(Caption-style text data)
= Beginning of Section =

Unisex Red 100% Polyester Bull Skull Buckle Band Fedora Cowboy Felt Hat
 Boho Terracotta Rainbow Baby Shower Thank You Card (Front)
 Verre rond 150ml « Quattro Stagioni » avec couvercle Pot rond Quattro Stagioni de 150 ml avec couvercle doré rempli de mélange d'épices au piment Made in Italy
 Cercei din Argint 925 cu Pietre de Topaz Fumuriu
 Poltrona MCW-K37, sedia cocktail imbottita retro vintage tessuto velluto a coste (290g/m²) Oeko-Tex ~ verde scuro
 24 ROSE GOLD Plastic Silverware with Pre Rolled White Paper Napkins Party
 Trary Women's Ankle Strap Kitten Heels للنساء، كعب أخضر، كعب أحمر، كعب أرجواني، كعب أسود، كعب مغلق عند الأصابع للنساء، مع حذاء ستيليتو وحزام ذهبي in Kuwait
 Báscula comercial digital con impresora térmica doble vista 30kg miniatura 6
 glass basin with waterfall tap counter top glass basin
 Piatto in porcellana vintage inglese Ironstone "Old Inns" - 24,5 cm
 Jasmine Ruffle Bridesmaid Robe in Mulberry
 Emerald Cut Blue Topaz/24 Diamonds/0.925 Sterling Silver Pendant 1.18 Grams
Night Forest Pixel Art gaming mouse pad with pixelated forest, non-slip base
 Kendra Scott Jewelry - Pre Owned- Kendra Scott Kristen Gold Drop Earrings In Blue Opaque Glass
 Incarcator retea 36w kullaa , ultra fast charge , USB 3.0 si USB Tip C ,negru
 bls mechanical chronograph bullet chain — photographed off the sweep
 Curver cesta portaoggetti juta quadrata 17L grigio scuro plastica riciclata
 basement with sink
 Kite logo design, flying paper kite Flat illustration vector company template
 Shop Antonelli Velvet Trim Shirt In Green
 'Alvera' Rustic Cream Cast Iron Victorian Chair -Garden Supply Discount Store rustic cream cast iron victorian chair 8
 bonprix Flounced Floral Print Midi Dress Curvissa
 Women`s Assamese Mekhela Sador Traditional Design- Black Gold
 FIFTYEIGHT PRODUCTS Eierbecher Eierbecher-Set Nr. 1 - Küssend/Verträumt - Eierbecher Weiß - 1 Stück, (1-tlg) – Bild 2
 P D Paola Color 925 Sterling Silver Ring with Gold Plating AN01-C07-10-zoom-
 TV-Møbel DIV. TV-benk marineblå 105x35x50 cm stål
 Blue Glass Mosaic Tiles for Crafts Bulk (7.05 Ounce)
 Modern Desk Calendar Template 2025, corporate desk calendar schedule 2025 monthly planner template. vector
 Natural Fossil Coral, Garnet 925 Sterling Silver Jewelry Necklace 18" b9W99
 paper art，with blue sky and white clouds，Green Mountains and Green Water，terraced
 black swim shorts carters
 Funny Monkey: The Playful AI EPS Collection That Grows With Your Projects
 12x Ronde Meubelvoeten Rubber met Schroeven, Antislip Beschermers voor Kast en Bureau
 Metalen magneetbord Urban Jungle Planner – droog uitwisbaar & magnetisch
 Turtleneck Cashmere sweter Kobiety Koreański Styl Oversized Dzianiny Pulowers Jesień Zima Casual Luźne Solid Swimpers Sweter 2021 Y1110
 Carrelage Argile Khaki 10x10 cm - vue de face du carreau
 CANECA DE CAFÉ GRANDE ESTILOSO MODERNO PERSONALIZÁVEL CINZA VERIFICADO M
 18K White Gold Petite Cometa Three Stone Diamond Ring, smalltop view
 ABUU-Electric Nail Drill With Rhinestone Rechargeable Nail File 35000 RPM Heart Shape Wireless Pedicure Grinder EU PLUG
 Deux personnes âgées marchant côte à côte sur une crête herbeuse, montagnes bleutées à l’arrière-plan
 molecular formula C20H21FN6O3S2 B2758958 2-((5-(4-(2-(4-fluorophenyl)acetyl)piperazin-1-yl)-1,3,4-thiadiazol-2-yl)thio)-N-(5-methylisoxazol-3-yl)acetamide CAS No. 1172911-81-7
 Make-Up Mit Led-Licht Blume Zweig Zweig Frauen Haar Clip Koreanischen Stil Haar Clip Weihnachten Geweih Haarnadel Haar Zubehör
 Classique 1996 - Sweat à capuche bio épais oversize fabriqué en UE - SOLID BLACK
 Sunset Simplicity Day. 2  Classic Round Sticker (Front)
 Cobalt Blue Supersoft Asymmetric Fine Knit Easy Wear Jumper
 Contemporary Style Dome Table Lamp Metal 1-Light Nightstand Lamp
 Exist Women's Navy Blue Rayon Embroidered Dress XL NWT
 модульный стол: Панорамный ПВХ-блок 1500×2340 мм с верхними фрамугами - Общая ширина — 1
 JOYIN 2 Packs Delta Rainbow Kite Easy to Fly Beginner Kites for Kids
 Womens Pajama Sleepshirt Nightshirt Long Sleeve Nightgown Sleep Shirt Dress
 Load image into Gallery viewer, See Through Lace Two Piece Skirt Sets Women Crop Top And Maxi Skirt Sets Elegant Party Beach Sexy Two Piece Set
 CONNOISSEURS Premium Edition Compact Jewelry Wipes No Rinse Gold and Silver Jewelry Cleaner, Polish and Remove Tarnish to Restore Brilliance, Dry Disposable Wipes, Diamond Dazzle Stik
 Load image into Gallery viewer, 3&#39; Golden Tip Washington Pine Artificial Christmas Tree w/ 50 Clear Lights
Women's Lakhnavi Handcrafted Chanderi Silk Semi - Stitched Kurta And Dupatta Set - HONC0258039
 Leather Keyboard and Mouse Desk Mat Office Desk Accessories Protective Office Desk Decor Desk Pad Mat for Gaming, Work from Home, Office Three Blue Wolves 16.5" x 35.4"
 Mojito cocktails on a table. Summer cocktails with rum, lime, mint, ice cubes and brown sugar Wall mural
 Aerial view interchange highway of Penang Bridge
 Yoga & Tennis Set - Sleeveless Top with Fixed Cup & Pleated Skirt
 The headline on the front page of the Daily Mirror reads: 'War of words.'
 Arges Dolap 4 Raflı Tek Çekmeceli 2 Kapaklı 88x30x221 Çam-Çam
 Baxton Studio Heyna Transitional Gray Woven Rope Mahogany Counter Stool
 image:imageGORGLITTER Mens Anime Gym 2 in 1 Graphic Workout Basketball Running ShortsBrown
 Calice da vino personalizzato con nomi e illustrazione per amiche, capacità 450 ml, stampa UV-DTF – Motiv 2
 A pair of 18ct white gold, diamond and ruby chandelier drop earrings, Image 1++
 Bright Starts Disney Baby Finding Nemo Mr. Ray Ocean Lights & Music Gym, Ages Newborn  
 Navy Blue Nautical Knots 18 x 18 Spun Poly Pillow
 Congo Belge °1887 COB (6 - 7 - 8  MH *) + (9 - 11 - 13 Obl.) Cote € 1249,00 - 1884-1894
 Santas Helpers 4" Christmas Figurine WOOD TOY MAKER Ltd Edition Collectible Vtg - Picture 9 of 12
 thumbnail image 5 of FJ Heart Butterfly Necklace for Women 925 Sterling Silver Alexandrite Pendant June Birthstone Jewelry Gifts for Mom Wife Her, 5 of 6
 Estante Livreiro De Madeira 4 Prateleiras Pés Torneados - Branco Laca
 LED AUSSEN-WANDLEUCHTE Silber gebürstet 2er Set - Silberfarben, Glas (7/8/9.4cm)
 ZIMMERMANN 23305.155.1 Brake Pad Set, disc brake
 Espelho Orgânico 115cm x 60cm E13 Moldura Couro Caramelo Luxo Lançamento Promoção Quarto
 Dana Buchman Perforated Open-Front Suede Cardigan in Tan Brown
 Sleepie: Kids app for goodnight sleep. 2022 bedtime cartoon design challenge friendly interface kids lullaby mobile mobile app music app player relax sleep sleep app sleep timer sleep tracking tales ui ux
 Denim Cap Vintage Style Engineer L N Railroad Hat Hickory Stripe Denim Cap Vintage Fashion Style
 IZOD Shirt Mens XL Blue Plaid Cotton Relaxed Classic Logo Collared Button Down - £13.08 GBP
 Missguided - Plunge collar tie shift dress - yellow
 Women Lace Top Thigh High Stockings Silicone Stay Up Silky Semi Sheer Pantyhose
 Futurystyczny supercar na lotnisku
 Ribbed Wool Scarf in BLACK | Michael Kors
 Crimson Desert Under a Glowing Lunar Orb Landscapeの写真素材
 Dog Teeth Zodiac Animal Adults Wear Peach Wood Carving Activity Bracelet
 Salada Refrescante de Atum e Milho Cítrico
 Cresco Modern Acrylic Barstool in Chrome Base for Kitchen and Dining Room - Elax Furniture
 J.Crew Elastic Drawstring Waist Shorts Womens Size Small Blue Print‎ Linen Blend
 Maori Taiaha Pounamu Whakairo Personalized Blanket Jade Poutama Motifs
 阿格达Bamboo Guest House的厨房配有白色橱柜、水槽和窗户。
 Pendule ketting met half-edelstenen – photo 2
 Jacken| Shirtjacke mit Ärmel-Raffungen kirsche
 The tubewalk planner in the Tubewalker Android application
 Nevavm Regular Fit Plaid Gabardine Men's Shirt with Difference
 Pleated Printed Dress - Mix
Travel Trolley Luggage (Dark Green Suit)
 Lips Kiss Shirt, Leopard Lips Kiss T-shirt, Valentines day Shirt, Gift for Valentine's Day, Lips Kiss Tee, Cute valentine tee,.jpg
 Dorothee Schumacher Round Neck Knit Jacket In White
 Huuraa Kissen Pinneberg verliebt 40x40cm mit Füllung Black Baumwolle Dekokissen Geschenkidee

= End of Section =

→ EXERCISE: Your answer should be the lines above, from the line containing "Emerald Cut Blue" up to and including the line containing "FIFTYEIGHT PRODUCTS Eierbecher", reproduced exactly and with nothing else.

→ SOLUTION FOR THIS EXERCISE:
 Emerald Cut Blue Topaz/24 Diamonds/0.925 Sterling Silver Pendant 1.18 Grams
Night Forest Pixel Art gaming mouse pad with pixelated forest, non-slip base
 Kendra Scott Jewelry - Pre Owned- Kendra Scott Kristen Gold Drop Earrings In Blue Opaque Glass
 Incarcator retea 36w kullaa , ultra fast charge , USB 3.0 si USB Tip C ,negru
 bls mechanical chronograph bullet chain — photographed off the sweep
 Curver cesta portaoggetti juta quadrata 17L grigio scuro plastica riciclata
 basement with sink
 Kite logo design, flying paper kite Flat illustration vector company template
 Shop Antonelli Velvet Trim Shirt In Green
 'Alvera' Rustic Cream Cast Iron Victorian Chair -Garden Supply Discount Store rustic cream cast iron victorian chair 8
 bonprix Flounced Floral Print Midi Dress Curvissa
 Women`s Assamese Mekhela Sador Traditional Design- Black Gold
 FIFTYEIGHT PRODUCTS Eierbecher Eierbecher-Set Nr. 1 - Küssend/Verträumt - Eierbecher Weiß - 1 Stück, (1-tlg) – Bild 2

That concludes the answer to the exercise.